### [Data records]
◇ ◇ ◇ ◇ ◇ ◇ ◇
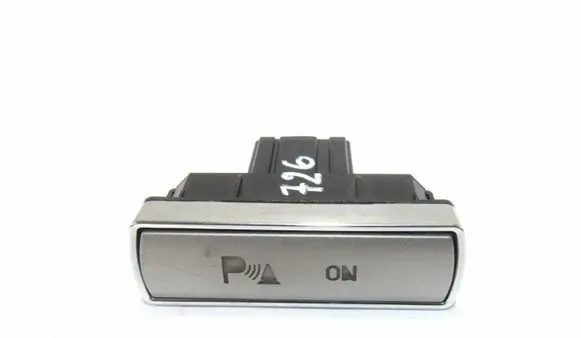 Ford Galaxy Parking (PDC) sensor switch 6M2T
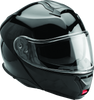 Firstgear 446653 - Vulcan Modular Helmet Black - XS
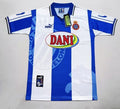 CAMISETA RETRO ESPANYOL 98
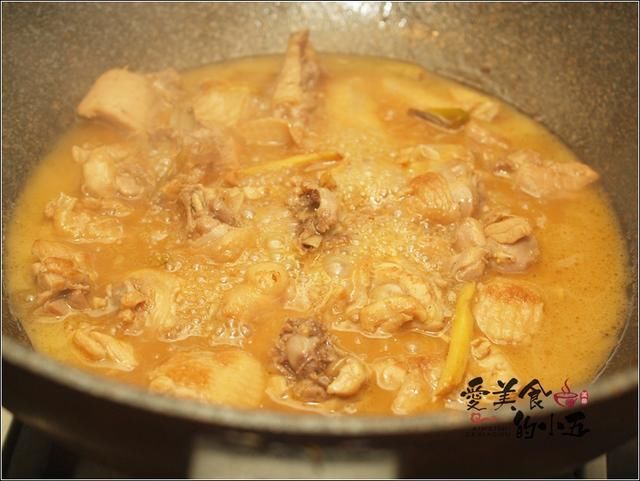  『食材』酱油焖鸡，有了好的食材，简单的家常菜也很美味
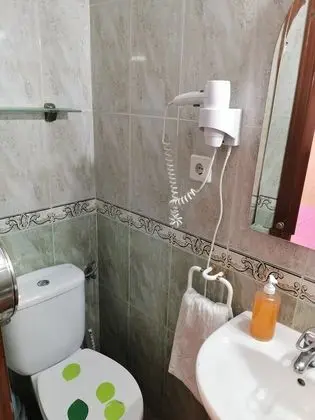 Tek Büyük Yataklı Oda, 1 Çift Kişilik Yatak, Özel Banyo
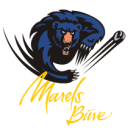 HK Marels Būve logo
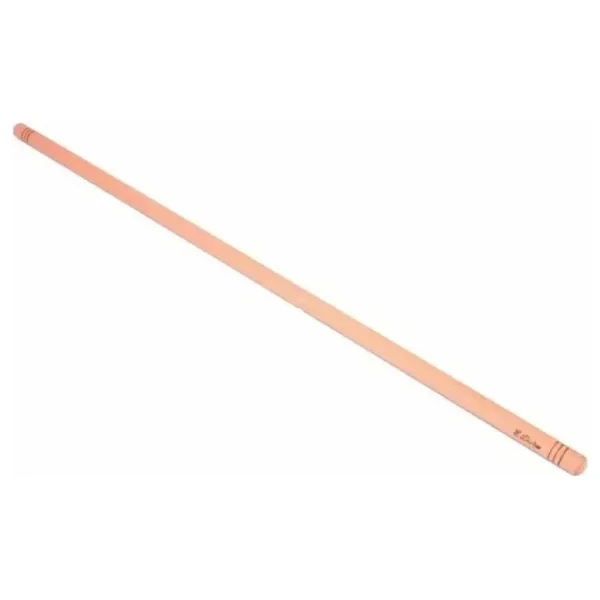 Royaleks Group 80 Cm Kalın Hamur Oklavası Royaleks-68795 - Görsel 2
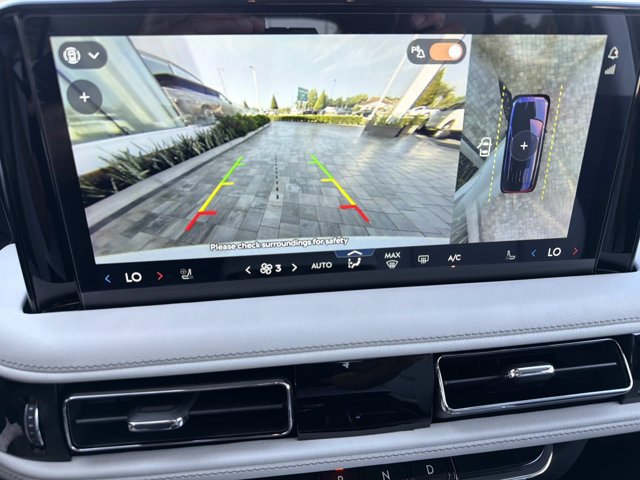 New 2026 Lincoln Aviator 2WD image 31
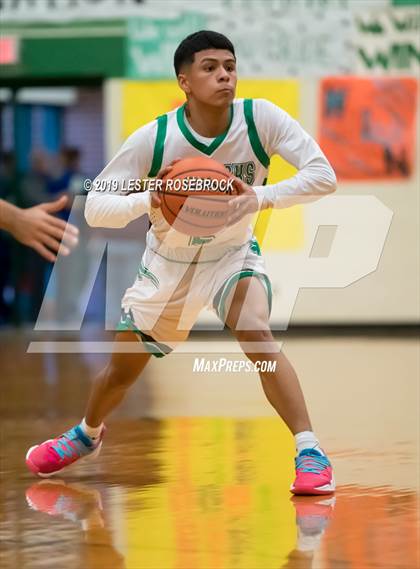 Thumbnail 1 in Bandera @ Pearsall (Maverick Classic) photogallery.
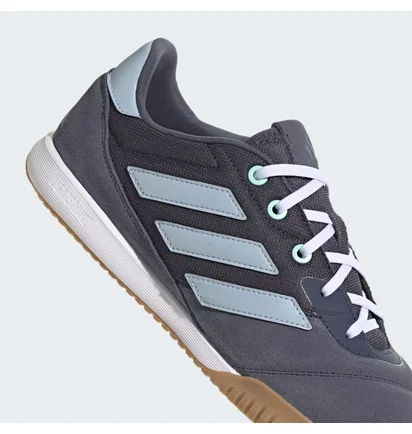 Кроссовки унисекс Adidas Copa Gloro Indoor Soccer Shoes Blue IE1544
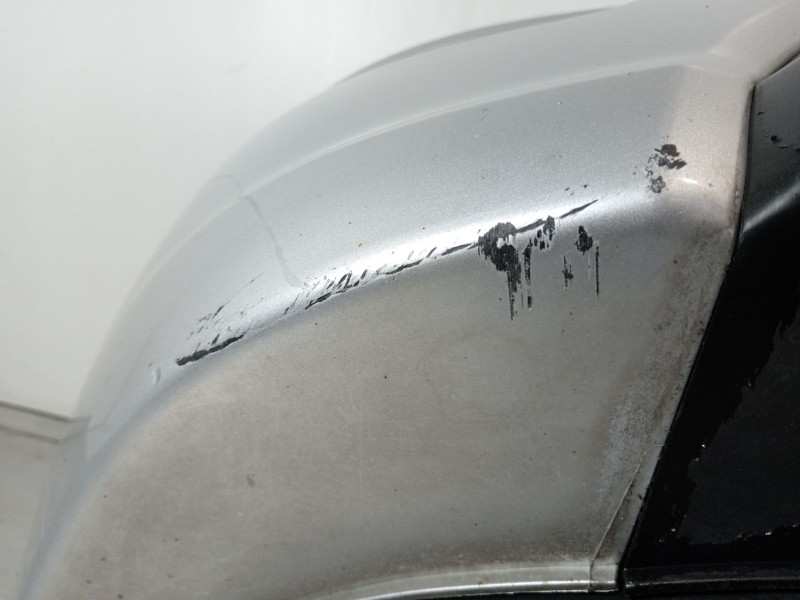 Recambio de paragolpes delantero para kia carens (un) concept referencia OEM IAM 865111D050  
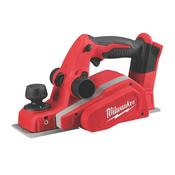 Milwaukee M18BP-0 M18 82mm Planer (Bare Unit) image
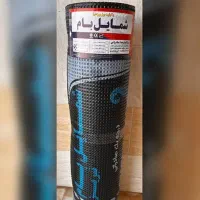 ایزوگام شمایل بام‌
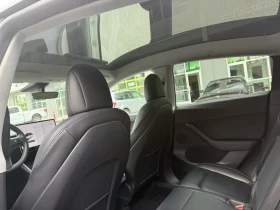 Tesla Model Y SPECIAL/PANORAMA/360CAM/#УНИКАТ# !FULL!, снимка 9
◇ ◇ ◇ ◇ ◇ ◇ ◇
Copy exactly the lines from the line holding "Thumbnail 1 in" to the final line of the listing, and leave the pictures out.

 Thumbnail 1 in Bandera @ Pearsall (Maverick Classic) photogallery.
 Кроссовки унисекс Adidas Copa Gloro Indoor Soccer Shoes Blue IE1544
 Recambio de paragolpes delantero para kia carens (un) concept referencia OEM IAM 865111D050  
 Milwaukee M18BP-0 M18 82mm Planer (Bare Unit) image
 ایزوگام شمایل بام‌
 Tesla Model Y SPECIAL/PANORAMA/360CAM/#УНИКАТ# !FULL!, снимка 9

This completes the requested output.